The inverse correlation between the S&P 500 and  the US dollar is still pretty high, so the risk trades are still intact and could be driven by stocks rather than perceived global economic risk in the near-term.

October 12, 2011

Forex Market Outlook 10/12/11

This morning has started with risk appetite driving markets higher, with Dollar and Yen weakness acting as either a by-product or catalyst of the move.  Regardless of who or what is leading the charge, a sense of calm is starting to return to the markets and they looked poised for a 4th quarter rally into the end of the year.

Positive sentiment surrounding the resolution of the debt crisis has not been derailed by Slovakia delaying their vote on the EFSF expansion agreed to in principle on July 21st as the market believes that the Franco-Prussian solution which Sarkozy and Merkel have promised is coming in early November will like supercede that package.  The “Troika” has already agreed to Greece receiving the next tranche of money despite the uncertainty surrounding the vote of whether Greece has done enough to receive it, with the hope that whatever is offered in early November is enough to wipe the whole slate clean.

So the pressure is on to come up with a resolution that not only deals with the problem but is also something that is agreeable to all of the Euro zone members as well as the markets in general.  Call me skeptical but I’m not certain if such a solution exists.  Today a plan to re-capitalize European banks will be proffered which is a step in the right direction.

Meanwhile in the UK, policy-maker Posen has claimed that the BOE is prepared to ease further and the unemployment rate has ticked higher to 8.1% from 7.9% and an 8% expectation, yet the Pound is trading higher and hit our last week’s target of 1.57 vs. USD and then some.  GDP estimates came in better than expected for September calling for .5% for last month vs. .2% for the previous month.  Also to note is that even though the official unemployment rate rose, the number of new jobless claims came in lower than expected at 17.5K vs. an expected 24K.

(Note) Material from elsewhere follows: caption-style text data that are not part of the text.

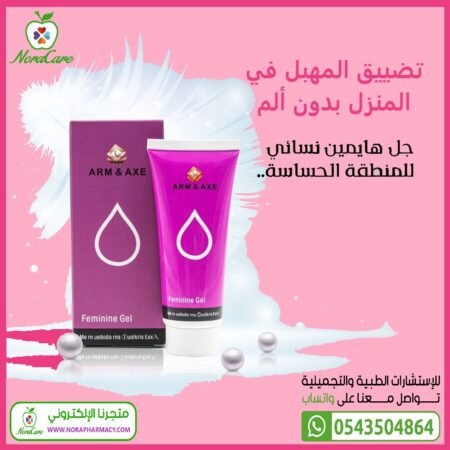 ⁦هايمين جل نسائي لتضييق المهبل من ارم آند اكس⁩ - الصورة ⁦4⁩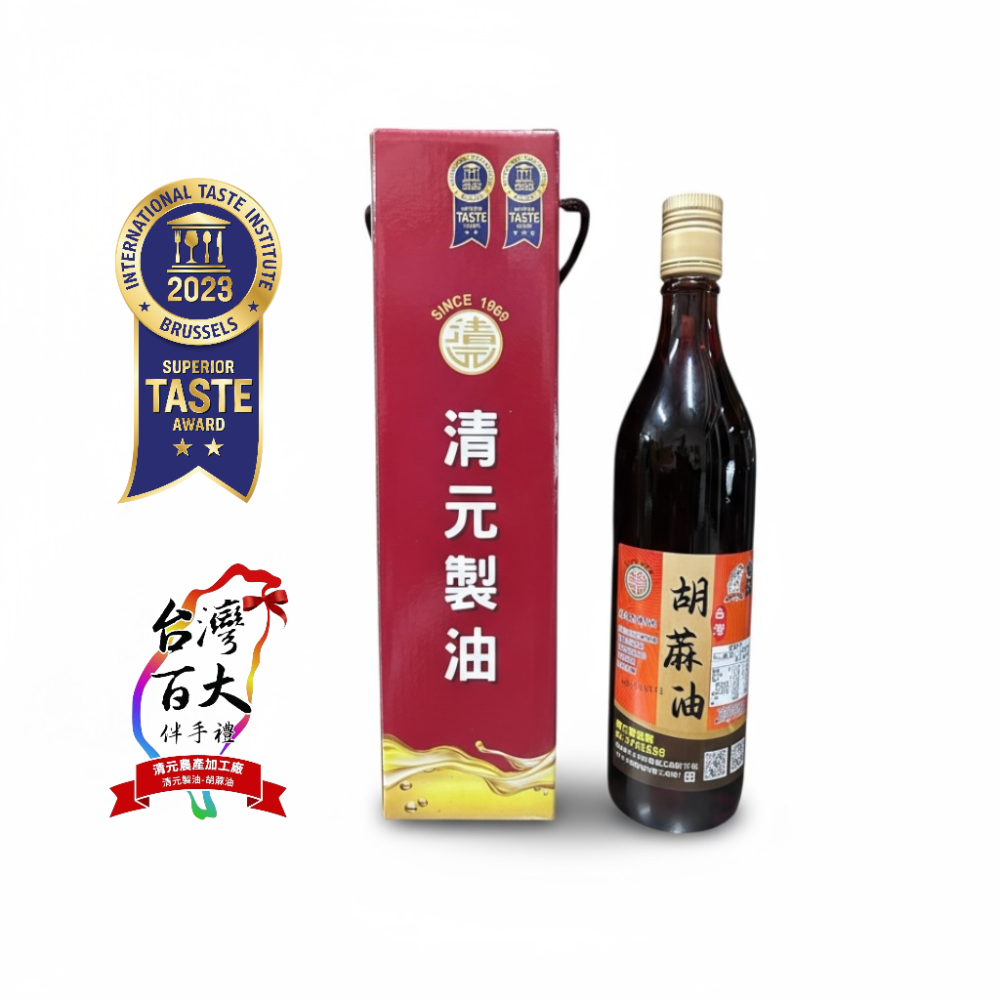 【清元製油廠】胡蔴油 #嘉義優鮮__100%台灣黑芝麻-規格圖7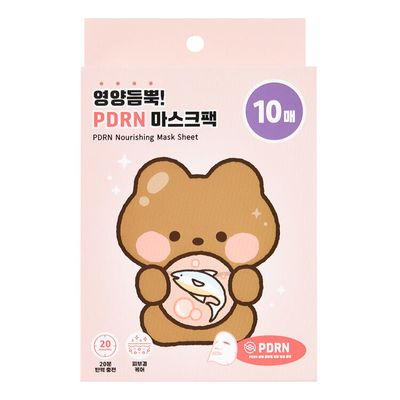 아트박스 수분가득 바세린 마스크팩 세트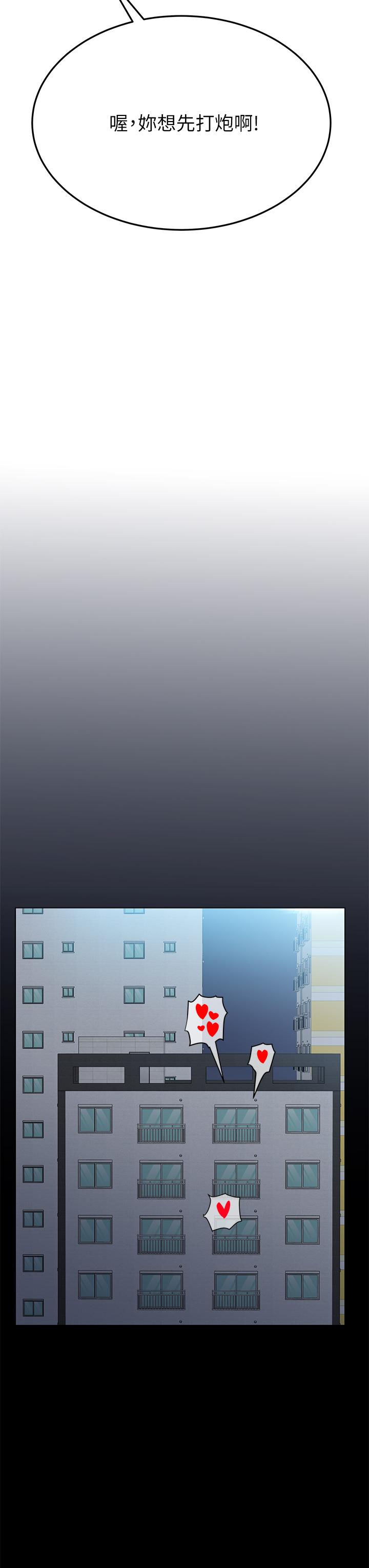 [韩国漫画] 要对妈妈保密唷 剧情,熟女人妻,巨乳大奶#[70P]-57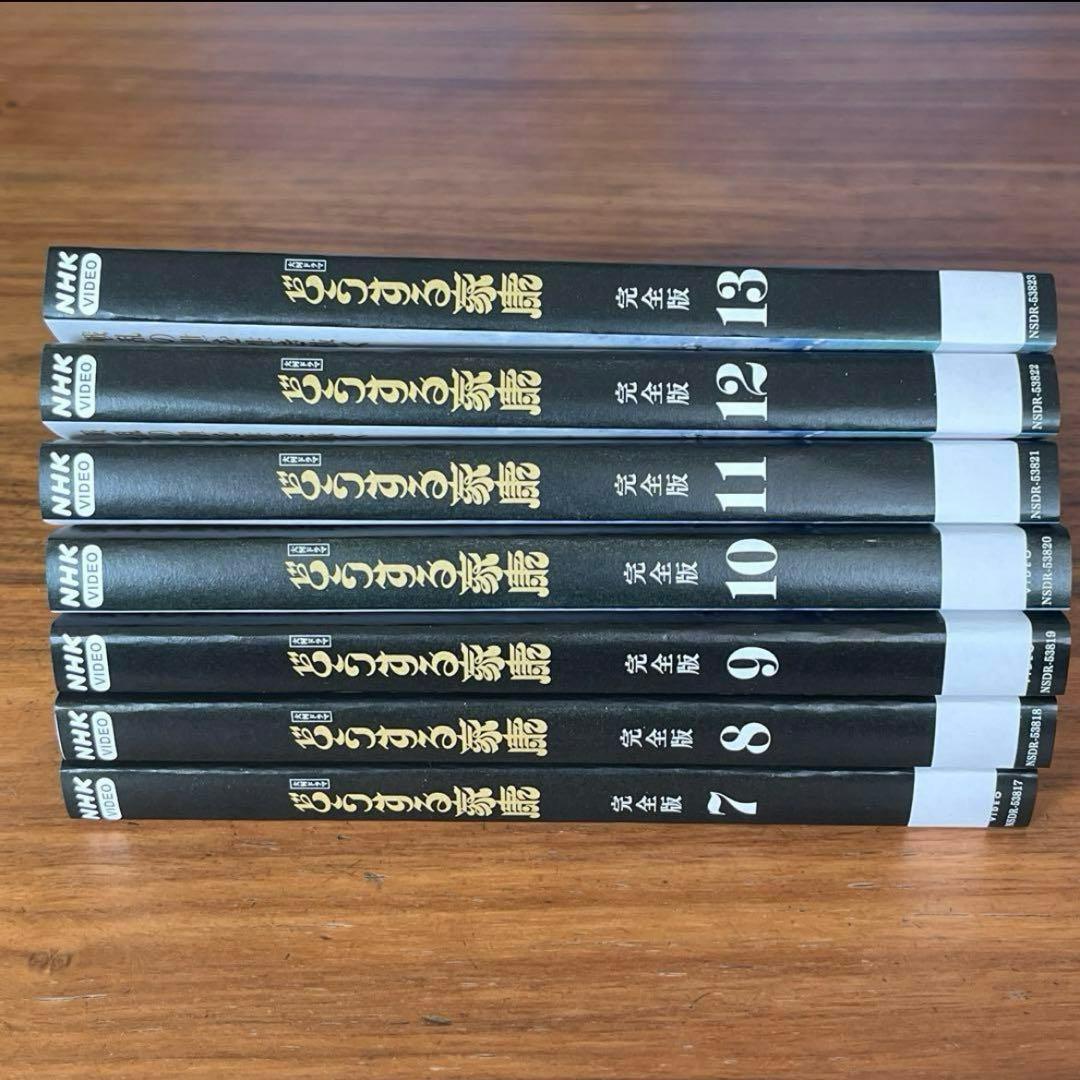 NHK 大河ドラマ どうする家康 完全版 DVD 全13巻 全巻セット 松本潤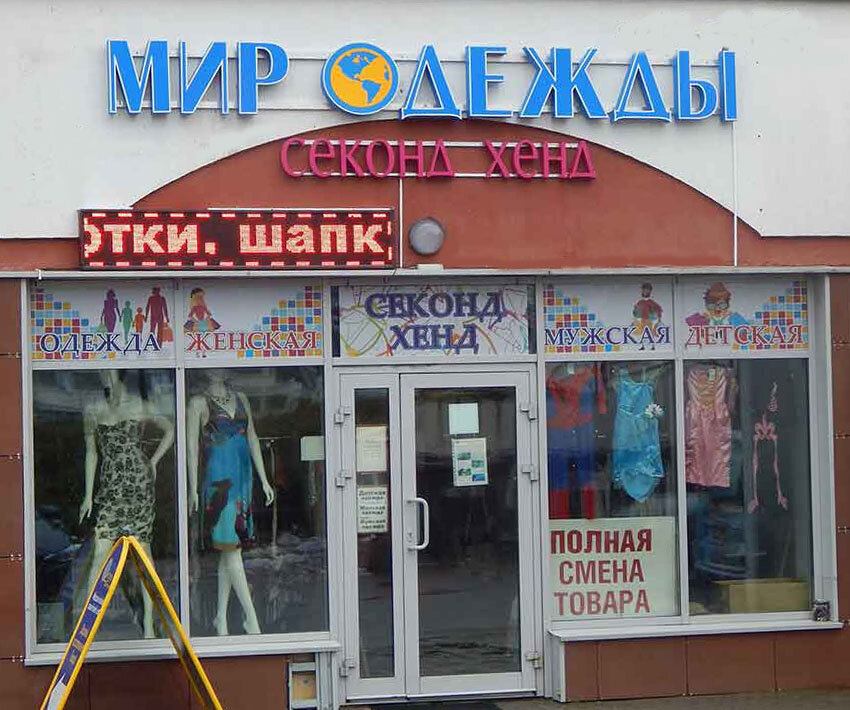 Секонд Магазин Одежды Минск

Both the Aussie and the Kiwi are tracking higher with the former trading back above parity vs. USD.  Related home sales and price figures show that there is moderate growth, and Australian consumer confidence figures came in better than expected.  Australian employment figures are due out tomorrow.

Also adding to the risk trade is the machine orders figures that were reported by Japan that came in much better than expected, showing a monthly gain of 11% vs. an expected 3.9%.  This has helped rally the Nikkei and caused some Yen selling and tonight’s release of the BOJ meeting minutes may show how close they are to intervening in the currency which could provide for additional risk taking.

Speaking of meeting minutes, the release of the September FOMC will be out later today and will definitely show how close Bernanke and Co. are to QE3.  While he floated the idea at the JEC briefing earlier this month, it may have been in response to tanking markets and not any serious policy discussion.  If on the other hand they are close to QE3, then this could push markets higher on the free-money trade.

US corporate earnings season is upon us and was kicked off by worse than expected numbers out of Alcoa, yet the S&P 500 has rallied to above 1200.  The bar has been set so low for many of these companies that the beats should be more than the misses.

Also to note is that the Senate did not pass Obama’s “jobs bill” which was a more of political statement than a credible plan.  This means that more money is not added to the deficit and taxes are not raised in the near-term, and we are likely to have to wait for the deficit reduction committee to take action before anything gets done.

Yet the mood surrounding the markets appears to be positive and I think we will definitely see that 4th quarter rally that investors desire.  Business can only sit on the sidelines for so long and if they start to believe that there may be a change in Washington DC in the next election cycle to more pro-business policies, then they may start to invest.

While I don’t think this will solve our unemployment problem in the near-term, if we can get the needle moving in the right direction then that could instill some confidence which is ultimately what this economy is sorely lacking.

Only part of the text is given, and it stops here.